From Faulkner to Mark Twain and many more

From William Faulkner, whose house is now a charming bookstore, to Mark Twain, many an author found fertile literary ground in New Orleans. Tennessee Williams, Charles Bukowski, John Kennedy Toole, F. Scott Fitzgerald, Lillian Hellman, and more have found their inspiration here.

Rebecca Todd
Tulane's Special Collections

Anne Rice. Known for her metaphysical gothic yarns, Rice was born in New Orleans, moved away but lived in the Garden District from 1989 to 2004. She set six of her books, including The Witching Hour, in her mid-19th century home on First Street. She’s best known for her Louisiana-based Vampire Chronicles.

Fatima Shaik is a New Orleans author of books for adults and children. Her work focuses on the Louisiana Creole and African-American experience. She writes in the voices of the local culture which has absorbed music, food, language and spirits from around the world.

James Lee Burke writes smart, hard-boiled detective novels; more than 20 featuring the emotionally broken retired New Orleans cop Dave Robicheaux, now a deputy sheriff in New Iberia, Louisiana.

Samuel Clemens may have been grown up in Missouri, but his pen name, Mark Twain, was a result of time spent on the Mississippi River.  He borrowed it from a steamboat pilot he knew and wrote as Twain for articles published in the New Orleans Times-Picayune and everything else.

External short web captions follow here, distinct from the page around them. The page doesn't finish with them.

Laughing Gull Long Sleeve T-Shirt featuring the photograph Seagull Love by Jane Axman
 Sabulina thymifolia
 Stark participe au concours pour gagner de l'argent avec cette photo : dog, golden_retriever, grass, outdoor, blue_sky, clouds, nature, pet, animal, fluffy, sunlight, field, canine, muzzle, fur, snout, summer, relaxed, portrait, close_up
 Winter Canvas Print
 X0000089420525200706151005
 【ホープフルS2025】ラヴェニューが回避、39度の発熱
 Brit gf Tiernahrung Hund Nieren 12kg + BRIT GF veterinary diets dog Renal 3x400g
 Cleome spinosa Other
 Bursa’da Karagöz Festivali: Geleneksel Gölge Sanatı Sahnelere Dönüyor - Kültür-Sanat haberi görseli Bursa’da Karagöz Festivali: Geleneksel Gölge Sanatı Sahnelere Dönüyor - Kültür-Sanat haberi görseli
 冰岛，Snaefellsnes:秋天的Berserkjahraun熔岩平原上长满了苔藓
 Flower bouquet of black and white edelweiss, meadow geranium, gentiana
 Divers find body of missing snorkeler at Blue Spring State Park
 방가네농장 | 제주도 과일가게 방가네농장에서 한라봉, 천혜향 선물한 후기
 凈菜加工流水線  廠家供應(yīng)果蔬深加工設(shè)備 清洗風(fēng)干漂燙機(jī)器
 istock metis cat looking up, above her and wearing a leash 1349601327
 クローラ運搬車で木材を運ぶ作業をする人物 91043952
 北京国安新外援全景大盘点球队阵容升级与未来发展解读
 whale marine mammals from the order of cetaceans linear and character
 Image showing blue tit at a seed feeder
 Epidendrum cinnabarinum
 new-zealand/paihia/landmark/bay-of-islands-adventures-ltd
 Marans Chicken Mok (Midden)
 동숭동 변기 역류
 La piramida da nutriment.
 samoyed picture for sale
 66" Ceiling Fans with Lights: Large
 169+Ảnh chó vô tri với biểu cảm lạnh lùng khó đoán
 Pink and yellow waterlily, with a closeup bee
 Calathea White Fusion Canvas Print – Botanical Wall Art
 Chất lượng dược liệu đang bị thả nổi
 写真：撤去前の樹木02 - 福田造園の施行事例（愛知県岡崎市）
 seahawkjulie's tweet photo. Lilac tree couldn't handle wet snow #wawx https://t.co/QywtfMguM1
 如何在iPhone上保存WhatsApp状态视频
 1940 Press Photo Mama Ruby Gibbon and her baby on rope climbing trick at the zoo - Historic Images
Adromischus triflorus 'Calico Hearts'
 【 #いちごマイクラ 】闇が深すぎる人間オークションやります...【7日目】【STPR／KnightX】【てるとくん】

Twain spent a good bit of time in New Orleans and famously said “New Orleans food is as delicious as the less criminal forms of sin.”

Tennessee Williams lived in the French Quarter and wrote three of his best known plays, including A Streetcar Named Desire, and numerous short stories in New Orleans. Williams’ first Vieux Carre apartment (which he called “a poetic evocation of all the cheap rooming houses of the world,") is at 722 Toulouse St., now home to the Historic New Orleans Collection. Williams is the inspiration for the annual Tennessee Williams/New Orleans Literary Festival with its famous “Stella” or “Stanley” shouting content

William Faulkner worked on his first novel, "Soldiers' Pay," in what is now a lovely and well-stocked bookstore named the Faulkner House, just off Pirate’s Alley.  Faulkner House is a must stop for anybody interested in the very best of New Orleans and Southern literature. And so are Faulkner’s books.

Charles Bukowski first visited New Orleans in 1942 on his first cross-country trip and returned many times over the years. Adept at exposing America at its seediest through his often profane poetry and prose, Bukowski is considered a poet laureate of the drunk and the downtrodden and his poem, “Young in New Orleans,” exposes the starving artist life as seriously overrated.  

Frances Parkinson Keyes New Orleans author Frances Parkinson Keyes, who wrote more than 50 religious biographies, travel narratives, and romantic novels, published Dinner at Antoine’s in 1948, an historic romance rich with the conventions, customs, and mores of 1940s. Her home in the French Quarter at 1113 Chartres St., now called the historic Beauregard Keyes House, was a center of literary activity in 1950s New Orleans. It is open for tours and features an inviting gift shop.